On March 15, the Delaware Court of Chancery significantly expanded the right of a stockholder to make direct claims against corporate fiduciaries. Previously, many of those claims were classified as derivative claims that could only be brought in the name of the corporate entity. As a result, stricter pleading rules applied and such claims might be dismissed for a variety of other reasons, such as a cash-out merger that denied standing to the plaintiff or a decision by an independent committee to drop the claim on behalf of the entity. Thus, by expanding the number of "direct" compared to "derivative" claims, the decision in Carsanaro v. Bloodhound Technologies, C.A. 7301-VCL (Mar. 15, 2013), expands stockholder rights.
The Bloodhound case involved some fairly common corporate financings of a startup company. Following a series of issuances of preferred stock over several years, the preferred stockholders both took control of the Bloodhound Technologies board of directors and diluted the equity interest of the common stockholders to less than 1 percent of Bloodhound. The controllers then sold Bloodhound through a merger that gave them almost all of the $82.5 million sale price. The plaintiffs who founded Bloodhound and held only common stock received less than $36,000 when their company was sold.
The plaintiffs' complaint alleged that their interests had been wrongly diluted by the defendants' self-dealing and that the merger denied them a fair share of the value of Bloodhound. The defendants sought to dismiss the complaint on several grounds. Most interesting was the defendants' claim that the merger that eliminated the plaintiffs as stockholders had also eliminated their right to sue because they were asserting only derivative claims. Under settled Delaware law, a cash-out merger eliminates a stockholder's right to bring a derivative claim because only a current stockholder may continue to assert a derivative claim. Indeed, a line of Delaware decisions holds that wrongful-dilution claims that assert that the company sold stock for too little belong only to the entity to assert a derivative claim. The Bloodhound plaintiffs would lose their suit if that old law applied.
However, in a detailed analysis, the Delaware Court of Chancery held that the plaintiffs had the right to sue directly for the loss in value they suffered by the dilution and the subsequent merger. Because the plaintiffs did not allege only derivative claims, their complaint survived the defendants' motion to dismiss. In reaching this result, the Court of Chancery may have significantly expanded stockholder rights in two ways.
First, prior dilution claims were generally considered direct and not derivative claims only when a majority or controlling stockholder caused the dilution to benefit himself or herself. At least that seemed to be the holding of the Delaware Supreme Court in Gentile v.
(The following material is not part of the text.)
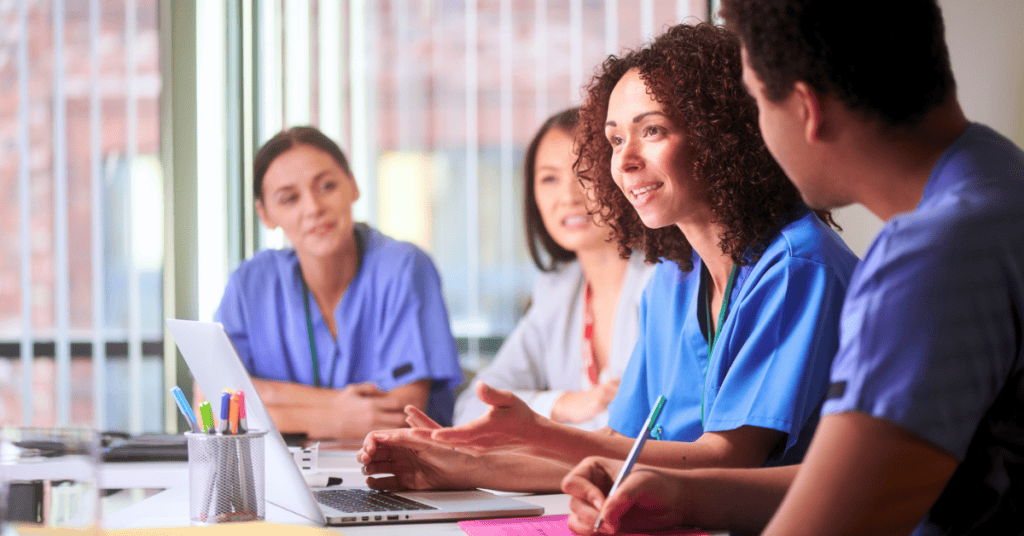 Four healthcare professionals in scrubs sit at a table with a laptop and papers, engaged in a discussion in a brightly lit meeting room.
Rossette, 906 A.2d 91 (Del. 2006).
The Bloodhound decision effectively removes that "controller" requirement and may permit direct suits for dilution when corporate insiders participate in the dilution of other stockholders' equity. At the very least, when the transaction is not approved by a disinterested and independent board majority, a direct claim may be brought. The key element is whether corporate insiders were in a position to benefit themselves and took that opportunity. Thus, stock issuances to third parties or in an employee compensation plan may still only be challenged in a derivative complaint.
In addition to the typical dilution claim, Bloodhound also expanded the rights of stockholders to attack the terms of a merger they contend has wrongly diverted merger consideration to management. Previously, claims alleging insiders obtained unfair benefits in a merger were often considered derivative claims, at least when the insider benefits did not make the total merger consideration unfair. The prior case law on this issue was, at best, confusing. After a detailed review of those prior decisions, the Bloodhound decision upholds the right of a stockholder to bring a direct claim alleging improper diversion of merger consideration to insiders, even if the total merger price is fair. Hence, such claims may survive the merger. It remains to be seen if all such diversion claims will survive, however. The Bloodhound court was careful to point out that the funds allegedly diverted to management were a substantial part of the total price paid for the company.
In short, the Bloodhound case has more than just a colorful name. It may well change Delaware law by permitting direct stockholder claims that avoid the pitfalls of derivative litigation. While Bloodhound's actual impact will be determined by later cases, it is likely to lead to more litigation alleging insiders have taken for themselves what belongs to all stockholders.